One week ago, on 7/7/2007, Live Earth, touted to be “a 24-hour, 7-continent concert series taking place on 7/7/07 that will bring together more than 100 music artists and 2 billion people to trigger a global movement to solve the climate crisis” (according to its official website), was broadcasted to a worldwide audience through various forms of media.

Well, I must confess that, initially, I too was partly caught up in all the media hype about Live Earth and was a Live Earth enthusiast. In fact, I considered wearing something green on the day the concerts were held to show my support for the event and the cause it supported (this idea was, however, subsequently jettisoned when I realised that the only things green in my wardrobe were my army uniforms and a bright lime green running T-shirt).

However, over the past few days, after serious consideration about the various aspects of the event, I must say that my initial enthusiasm for the Live Earth has been replaced with mild scepticism. In short, I have become a Live Earth sceptic.

Do not be mistaken.

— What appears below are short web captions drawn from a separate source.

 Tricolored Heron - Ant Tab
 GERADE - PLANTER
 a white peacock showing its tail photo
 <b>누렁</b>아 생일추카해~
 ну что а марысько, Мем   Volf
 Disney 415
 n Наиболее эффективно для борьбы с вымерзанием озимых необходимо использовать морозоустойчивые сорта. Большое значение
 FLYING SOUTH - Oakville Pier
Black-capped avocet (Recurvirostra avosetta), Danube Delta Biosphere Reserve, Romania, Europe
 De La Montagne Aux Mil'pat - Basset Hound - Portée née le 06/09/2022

I do support the cause of anti-global warming; I am just sceptical about what the Live Earth concerts can really achieve in aiding this cause.

Why am I a Live Earth sceptic?

For one, call me pessimistic, but I am of the opinion that, at least for now, the Live Earth concerts have not really awaken the environmental consciousness & changed the mindset in most people. I mean, just look at reports of how Live Earth concert-goers left behind heaps of recyclable & non-recyclable rubbish at the various concert venues. And, I suppose there will be people who claim that they are in support of Live Earth/anti-global warming but go on living their “globe warming” lives as per normal after the curtains fall on the last of the Live Earth concerts.

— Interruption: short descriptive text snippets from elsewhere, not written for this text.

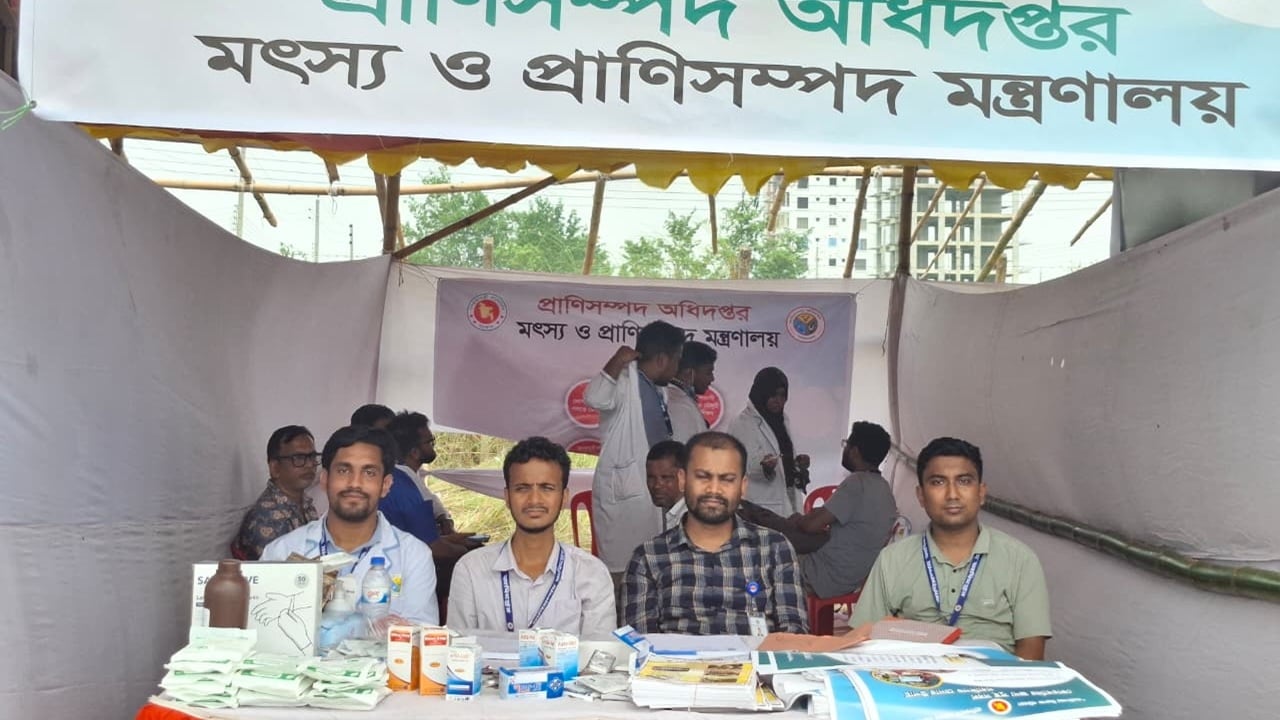 প্রাণিসম্পদ অধিদপ্তরের উদ্যোগে রাজধানীর পশুর হাটে চিকিৎসা সেবা দিচ্ছেন গণ বিশ্ববিদ্যালয়ের ১৮ শিক্ষার্থী। ছবি: সংগৃহীত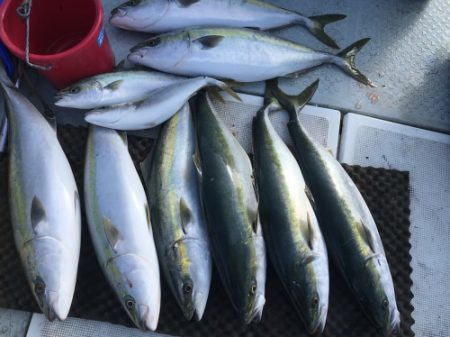 釣船 浦島太郎 釣果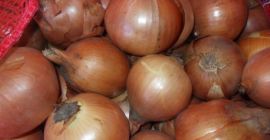 Cebollas de bulbo, ideales para cocinar en restaurantes, cafés,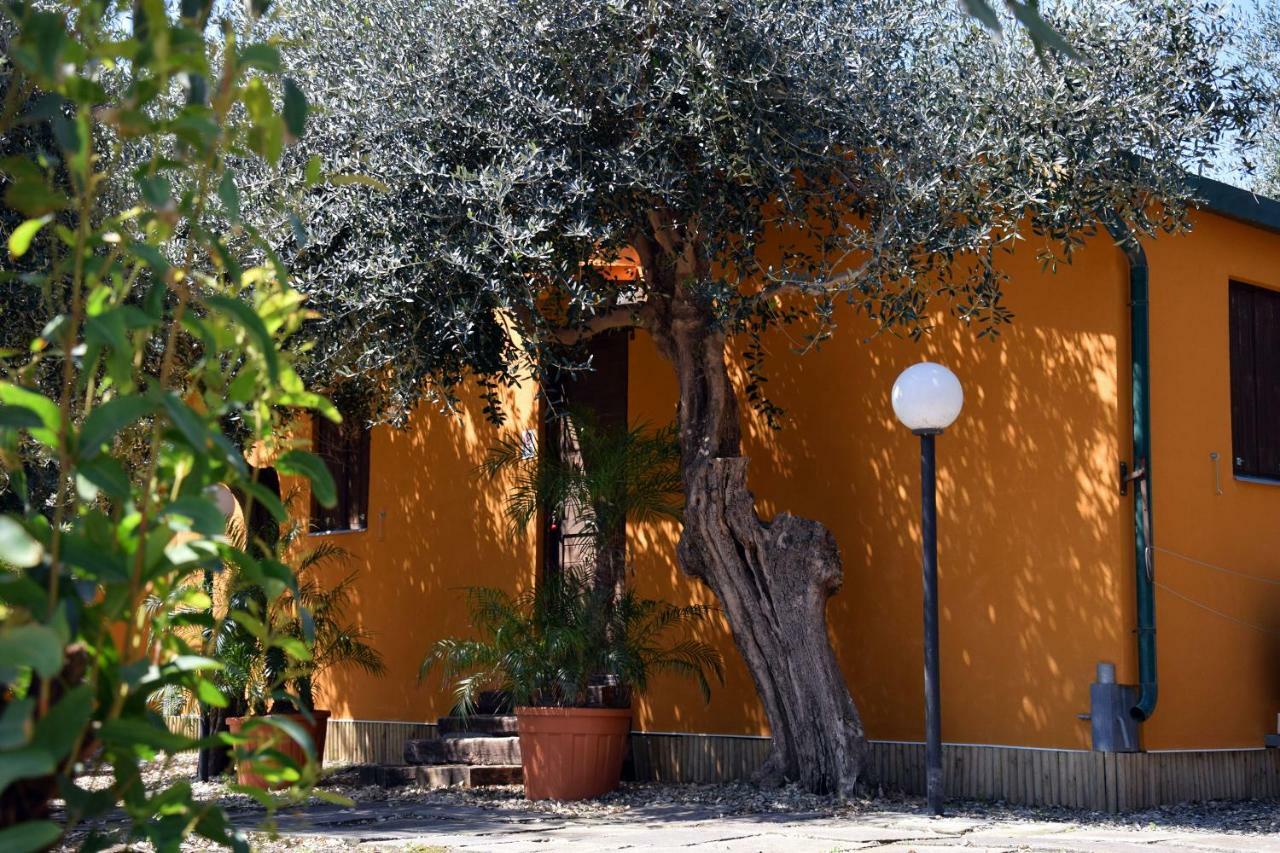Riviera Degli Eucalipti - Cottage In Riva Al Mare Acireale Extérieur photo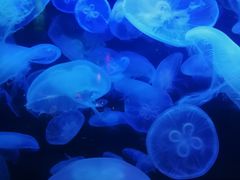 -太平洋海底世界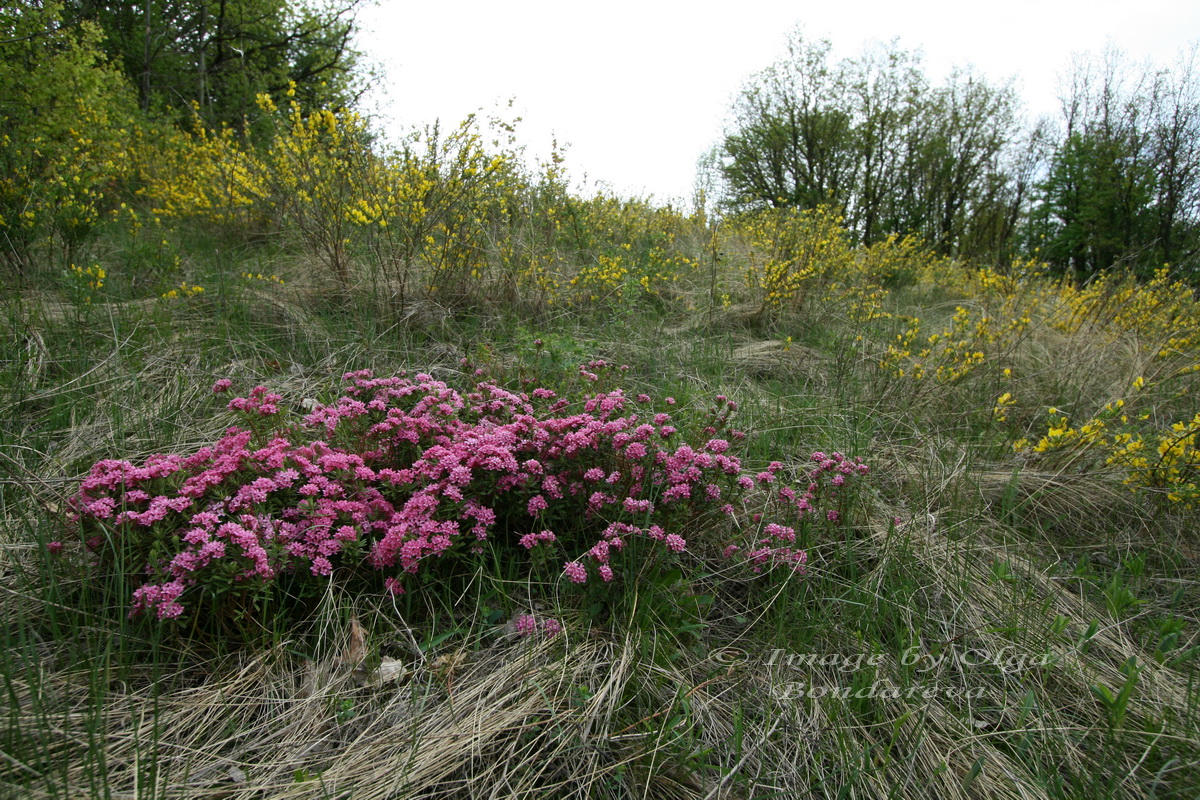 Image of Daphne cneorum specimen.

Yes, perhaps we cannot expect an overnight change in people’s attitudes or for Live Earth to have an immediate effect. Perhaps we should instead consider the possible long term impact that Live Earth may bring about.

Yet, while I do not deny the truth in that we should also consider the possible long term effect of Live Earth, I think it should be pointed out that considering the urgent need to find a way to resolve the climate crisis, even if Live Earth do have a successful long term effect, it may perhaps be a case of “too little, too late”. In the end, as Keynes have supposedly said: “In the long run, we are all dead”.

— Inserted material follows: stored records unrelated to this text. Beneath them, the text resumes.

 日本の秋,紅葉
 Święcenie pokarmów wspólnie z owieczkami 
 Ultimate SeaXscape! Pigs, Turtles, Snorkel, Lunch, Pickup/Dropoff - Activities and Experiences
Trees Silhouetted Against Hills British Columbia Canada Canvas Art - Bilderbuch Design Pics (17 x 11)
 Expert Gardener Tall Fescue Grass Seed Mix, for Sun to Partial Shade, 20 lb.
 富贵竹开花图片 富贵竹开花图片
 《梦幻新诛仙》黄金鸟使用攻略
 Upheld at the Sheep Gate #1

In addition, considering the lack of concrete achievements by other events & initiatives similar to Live Earth e.g. Live Aid, Live 8 & Product Red (remember the red Motorola mobile phones?), pardon me if I am sceptical about whether Live Earth will achieve any long-lasting effects.

And, ironically, as widely publicised as the concerts were, there remain people who remain ignorant about the concerts and the significance behind them.

Furthermore, I am of the opinion that there are, amongst those who attended and/or watched the Live Earth concerts, who supported the concerts not because of the anti-global warming cause but because of the celebrities & artistes involved with the concerts.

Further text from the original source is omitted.